Directions ▸ When the line containing "Eakins' boxing and" is found in the data below, copy it and each line after it through the line containing "During this exercise, make", exactly and with no others.

---------- Record set

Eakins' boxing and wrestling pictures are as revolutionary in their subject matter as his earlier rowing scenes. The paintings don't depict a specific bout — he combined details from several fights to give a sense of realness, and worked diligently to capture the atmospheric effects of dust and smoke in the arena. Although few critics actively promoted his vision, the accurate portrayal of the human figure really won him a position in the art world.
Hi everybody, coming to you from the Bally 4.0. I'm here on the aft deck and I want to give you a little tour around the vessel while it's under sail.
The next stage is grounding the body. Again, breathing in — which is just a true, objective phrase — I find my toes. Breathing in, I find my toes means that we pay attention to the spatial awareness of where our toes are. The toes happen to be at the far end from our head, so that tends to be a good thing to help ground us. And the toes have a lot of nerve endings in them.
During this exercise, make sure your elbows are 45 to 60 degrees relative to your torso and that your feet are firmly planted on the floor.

--------------------
---------- Record set

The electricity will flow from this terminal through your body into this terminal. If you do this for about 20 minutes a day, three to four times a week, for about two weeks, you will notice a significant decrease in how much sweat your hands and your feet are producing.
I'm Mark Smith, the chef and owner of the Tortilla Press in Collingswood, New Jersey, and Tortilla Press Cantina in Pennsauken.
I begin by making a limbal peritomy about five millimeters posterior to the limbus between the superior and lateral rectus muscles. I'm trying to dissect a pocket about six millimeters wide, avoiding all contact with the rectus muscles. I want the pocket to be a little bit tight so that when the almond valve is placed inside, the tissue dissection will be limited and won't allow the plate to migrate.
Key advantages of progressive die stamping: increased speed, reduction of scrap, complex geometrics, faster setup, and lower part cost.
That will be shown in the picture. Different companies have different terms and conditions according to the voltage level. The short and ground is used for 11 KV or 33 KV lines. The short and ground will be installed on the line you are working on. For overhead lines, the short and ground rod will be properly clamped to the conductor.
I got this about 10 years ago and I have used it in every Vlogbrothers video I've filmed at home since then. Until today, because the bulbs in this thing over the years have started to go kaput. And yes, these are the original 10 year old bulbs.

--------------------

Written answer ▸
Eakins' boxing and wrestling pictures are as revolutionary in their subject matter as his earlier rowing scenes. The paintings don't depict a specific bout — he combined details from several fights to give a sense of realness, and worked diligently to capture the atmospheric effects of dust and smoke in the arena. Although few critics actively promoted his vision, the accurate portrayal of the human figure really won him a position in the art world.
Hi everybody, coming to you from the Bally 4.0. I'm here on the aft deck and I want to give you a little tour around the vessel while it's under sail.
The next stage is grounding the body. Again, breathing in — which is just a true, objective phrase — I find my toes. Breathing in, I find my toes means that we pay attention to the spatial awareness of where our toes are. The toes happen to be at the far end from our head, so that tends to be a good thing to help ground us. And the toes have a lot of nerve endings in them.
During this exercise, make sure your elbows are 45 to 60 degrees relative to your torso and that your feet are firmly planted on the floor.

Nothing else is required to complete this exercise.